Aldo Rebelo: é importante que as pessoas valorizem o esporte

O ministro brasileiro do Esporte, Aldo Rebelo (foto), concedeu entrevista exclusiva à Voz da Rússia. Ele falou sobre os desafios apresentados pela realização da Copa do Mundo de Futebol de 2014 e das Olimpíadas de 2016 e comparou essas questões com aquelas que são também enfrentadas pela Rússia para a realização dos Jogos Olímpicos de Inverno de 2014 e a Copa do Mundo de 2018.
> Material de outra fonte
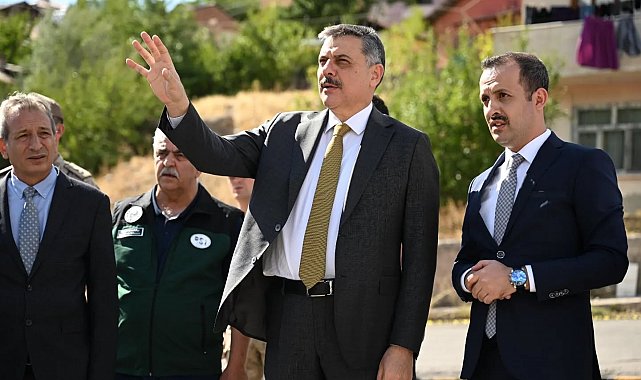 Vali Çiftçi, İspir'de heyelan bölgesinde incelemelerde bulundu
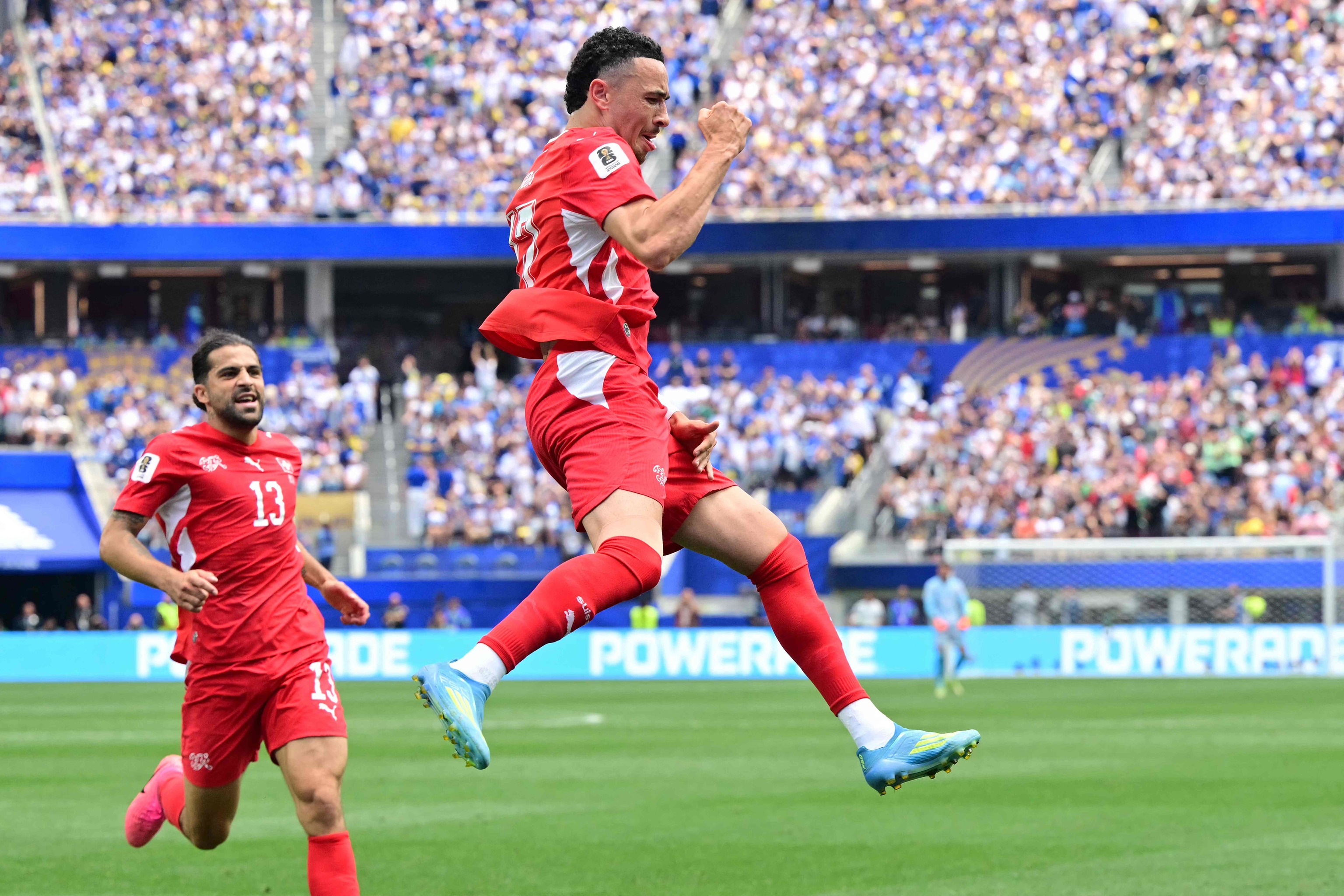 Vargas festeja el 2-0, el jueves en Los Ángeles.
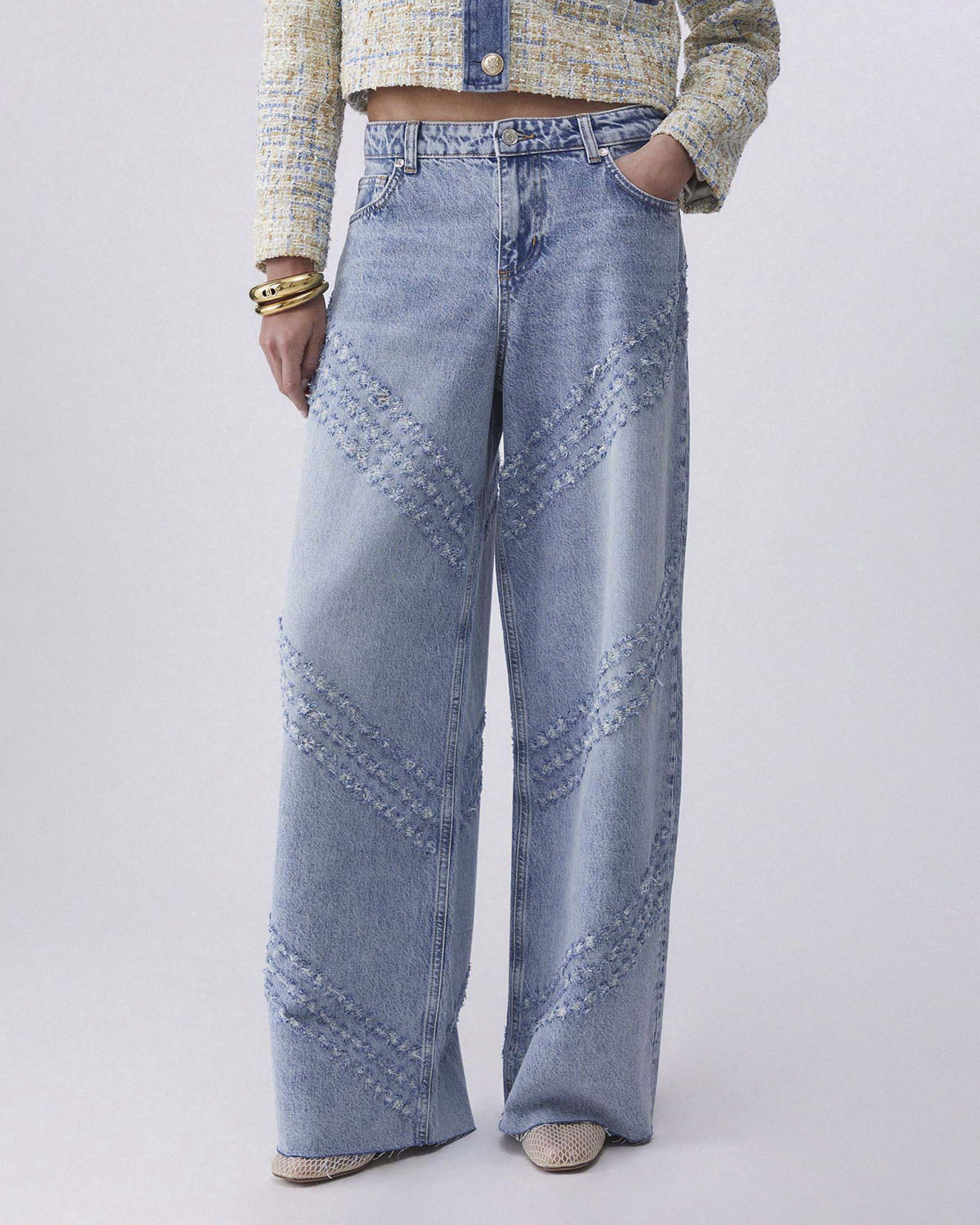 Jeans flare Liu Jo con dettagli laserati lavaggio stone washed image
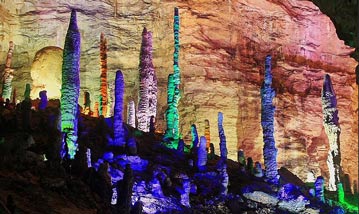 長(zhǎng)沙出發(fā)到黃龍洞、天門(mén)山二日游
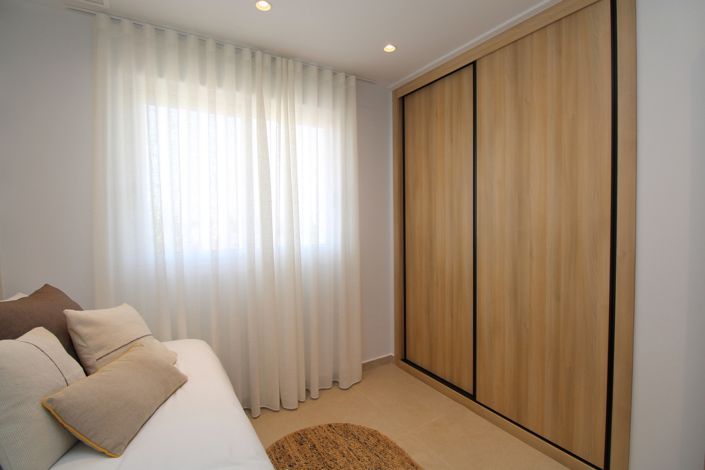 Image No.17-3 Bed Apartment for sale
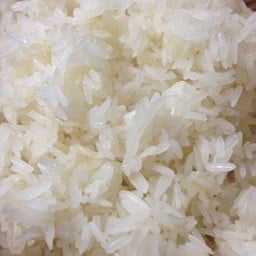 ไก่หมุนห้าลาว ตลาดวีระกร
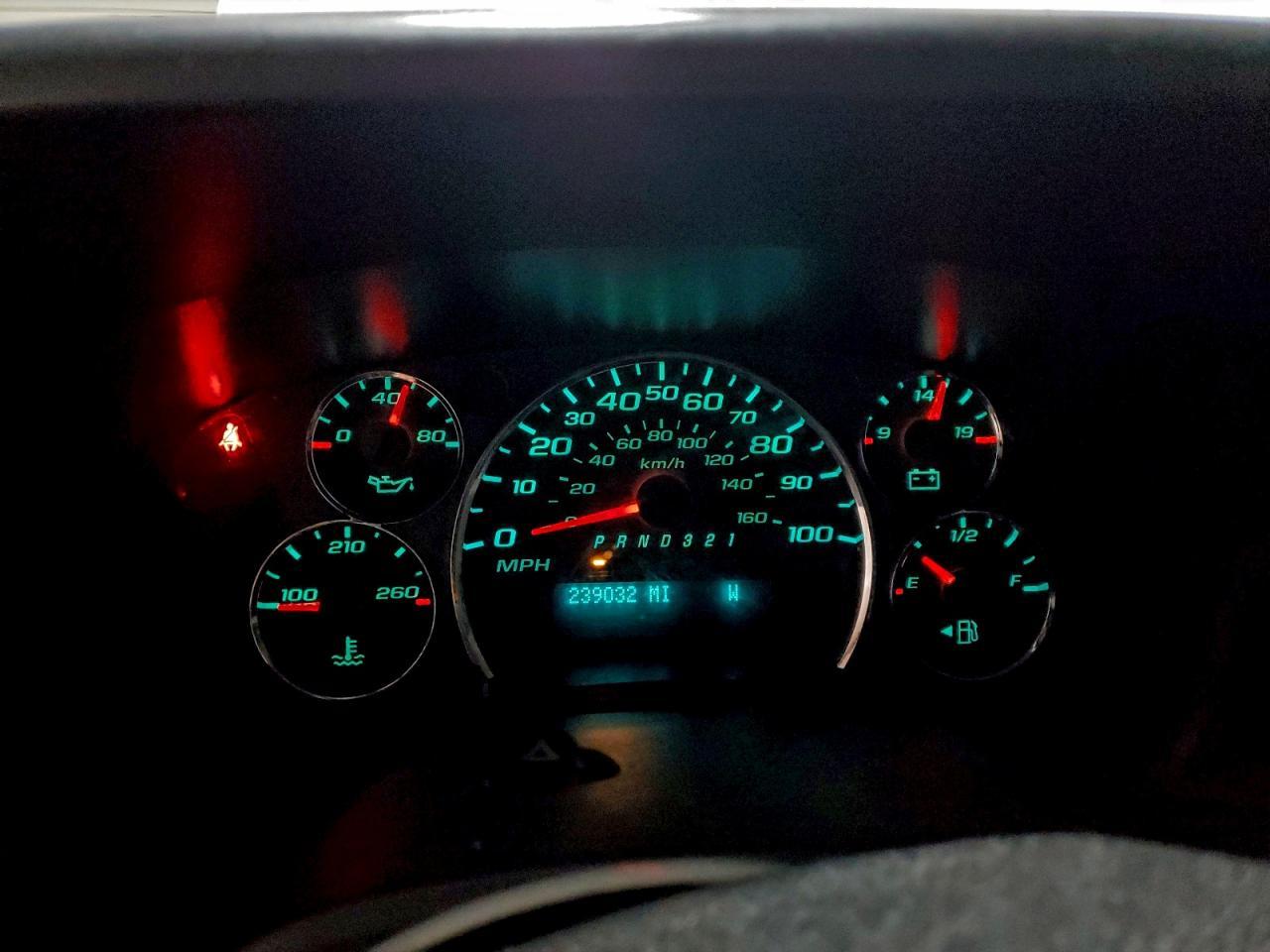 2013 Chev Express Cargo 1500 1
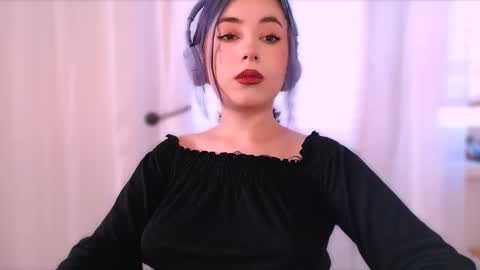 fickle demon made of clumps of matter online show from 10.08.25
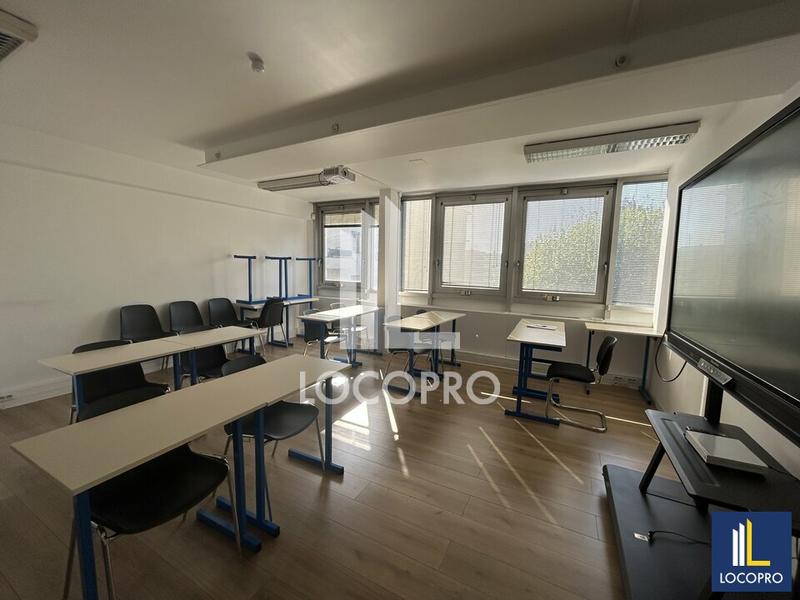 Bureau - 280 m²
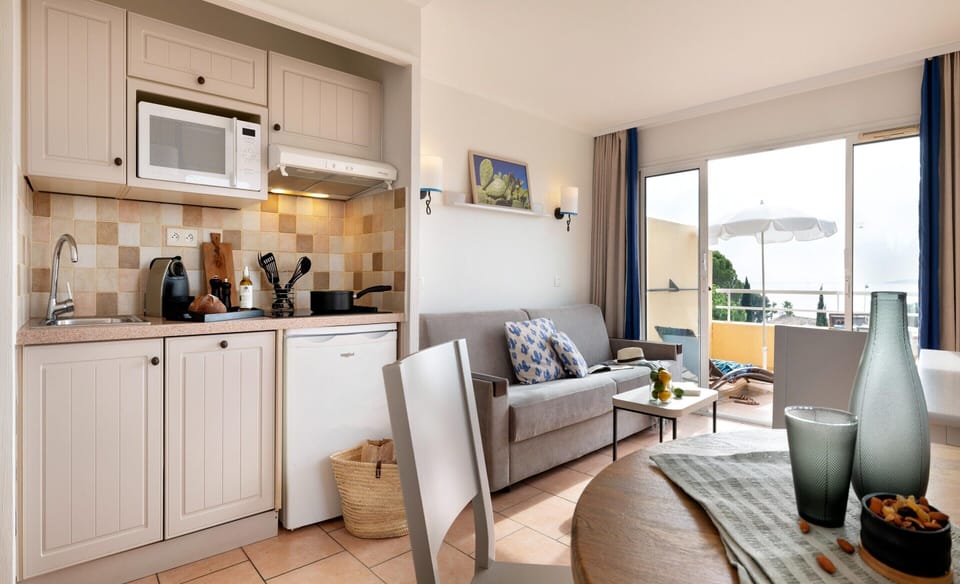 Apartment | Dining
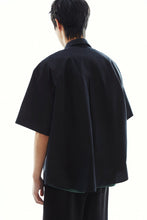 Load image into Gallery viewer, H&amp;M Regular Fit Short-sleeved shirt
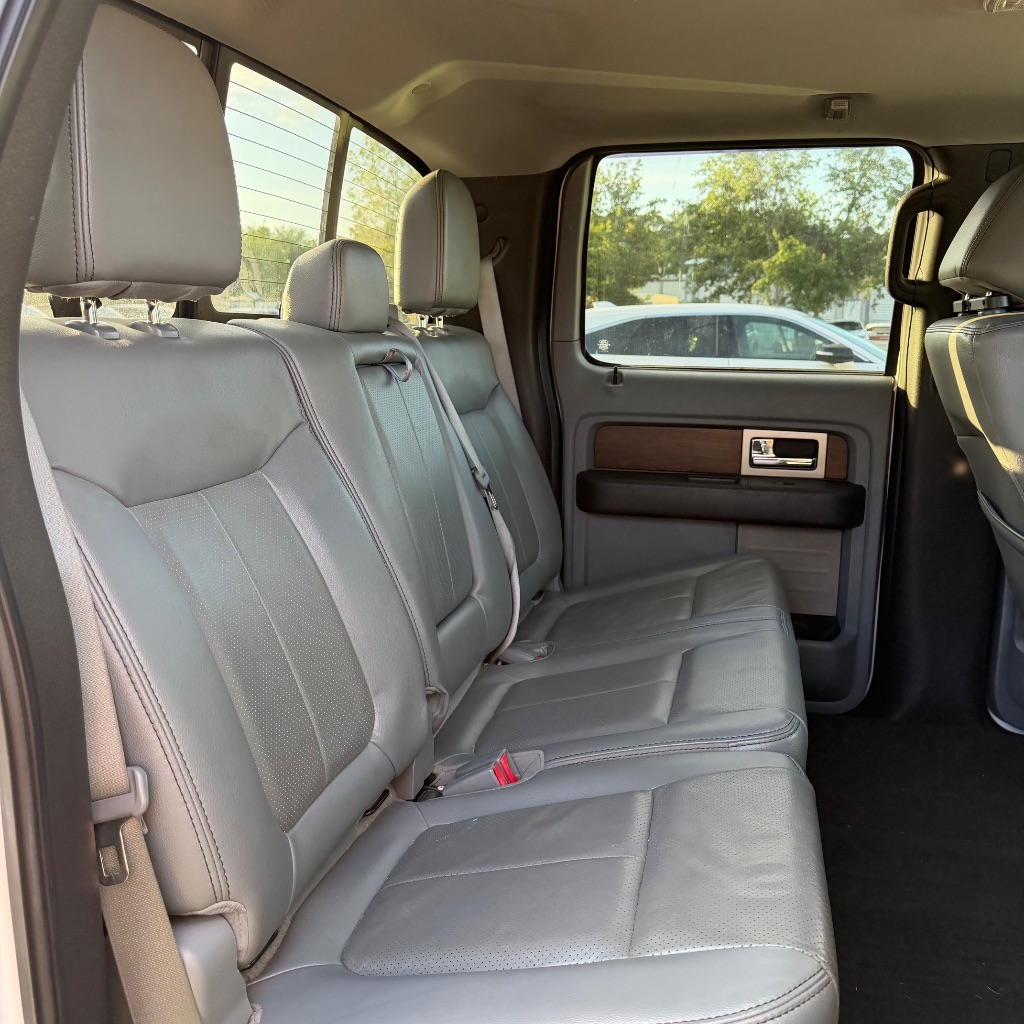 2013 Ford F-150 Lariat - Photo 11
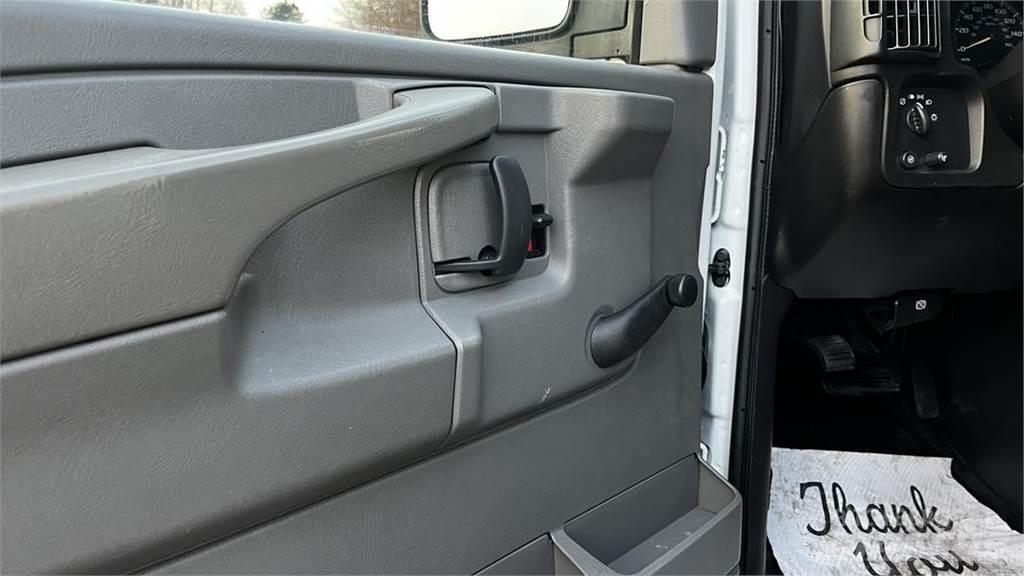 Chevrolet Express Lätta skåpbilar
Voz da Rússia: O senhor poderia descrever quais são os maiores desafios atuais do Ministério que o senhor chefia, por causa desses eventos vindouros? Teremos uma Olimpíada, uma Copa do Mundo de Futebol e ainda a Copa das Confederações, que é praticamente agora.
Aldo Rebelo: O Ministério tem por finalidade levar a prática do esporte, como educação, lazer, entretenimento e alto rendimento, a toda a população brasileira, principalmente às crianças e aos jovens. Mas nós nos deparamos com dois grandes desafios, que são os eventos da Copa de 2014 e as Olimpíadas de 2016. São não apenas os dois maiores eventos esportivos do planeta, mas também dois acontecimentos de repercussão mundial. A Copa trata do esporte mais universal, que é o futebol, e as Olimpíadas reúnem as modalidades de alto rendimento em todo o planeta. O Brasil tem hoje uma economia muito forte. Nós buscamos construir a infraestrutura esportiva para a Copa, em 12 estados, melhorar a mobilidade urbana, melhorar a infraestrutura aeroportuária, cuidar da segurança pública, da segurança das delegações, dos turistas. E nas Olimpíadas também são esses os desafios: construir a infraestrutura para os Jogos Olímpicos e, ao mesmo tempo, garantir o conforto e a segurança dos atletas e dos visitantes. Eu diria que não há segredo nem mistério. Essa será a vigésima Copa do Mundo, e as Olimpíadas são organizadas, no período mais recente, há mais de cem anos. O que há é muito trabalho, e nós estamos trabalhando com muita dedicação, muita disciplina, para que o Brasil faça os dois eventos de acordo com as expectativas do mundo e do Brasil.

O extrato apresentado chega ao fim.